**TRY IT**
Where the line containing "this 400×277 image." appears, begin retyping; continue exactly through the final line of the data. Omit every picture.

Top of DATASET

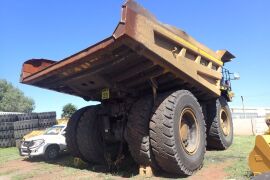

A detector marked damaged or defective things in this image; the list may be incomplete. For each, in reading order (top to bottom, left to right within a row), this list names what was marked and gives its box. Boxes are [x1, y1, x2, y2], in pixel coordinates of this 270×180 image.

rusty truck body [20, 0, 236, 176]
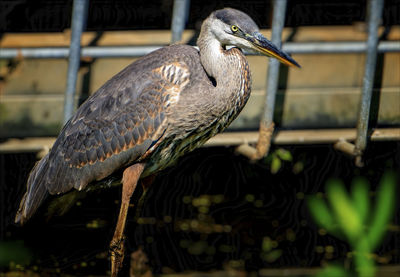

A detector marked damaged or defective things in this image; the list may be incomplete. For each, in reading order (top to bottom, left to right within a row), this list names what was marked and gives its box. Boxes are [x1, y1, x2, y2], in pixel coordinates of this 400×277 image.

rusty metal bar [63, 0, 88, 123]
rusty metal bar [170, 0, 191, 43]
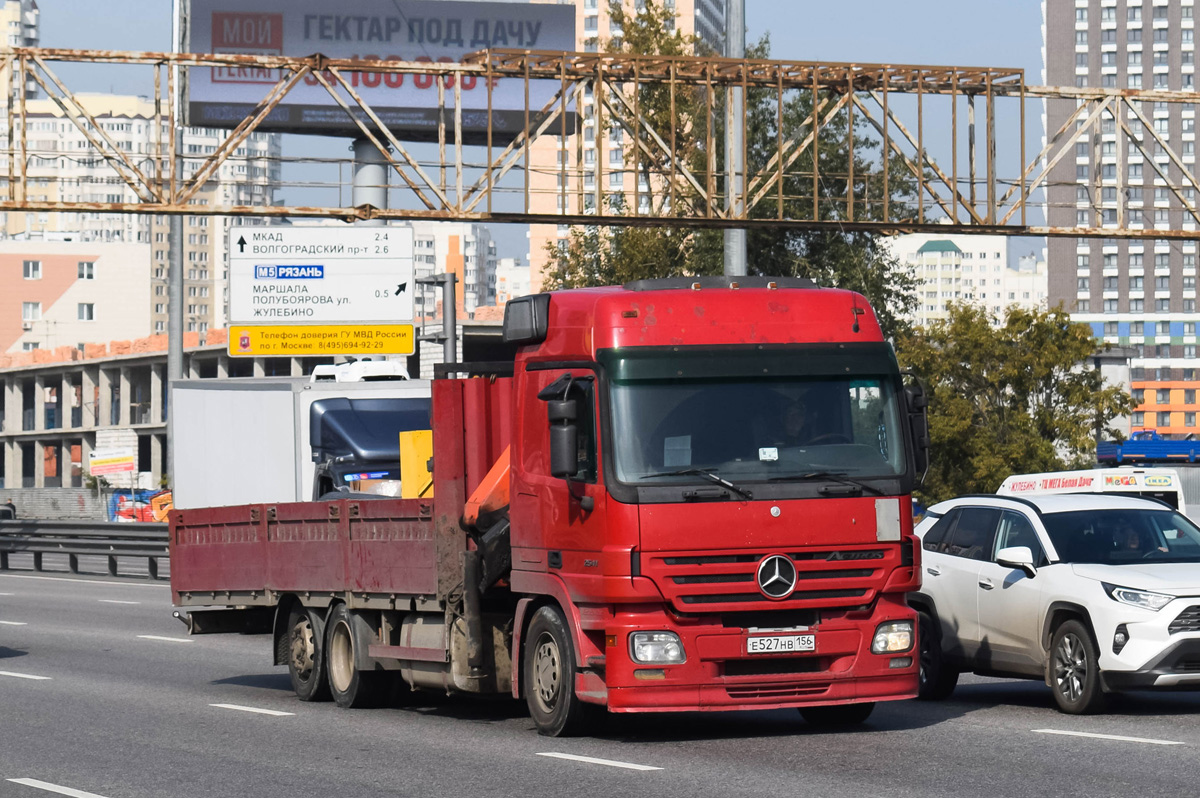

Bottom of DATASET

**RESPONSE BOX**
A detector marked damaged or defective things in this image; the list may be incomplete. For each, in reading order (top to bottom, left to right within a row), this list names what was marked and gives its box. Boxes are [x1, y1, x2, y2], in pixel coordinates of this 400×277 image.

rusty metal bar [63, 0, 88, 123]
rusty metal bar [170, 0, 191, 43]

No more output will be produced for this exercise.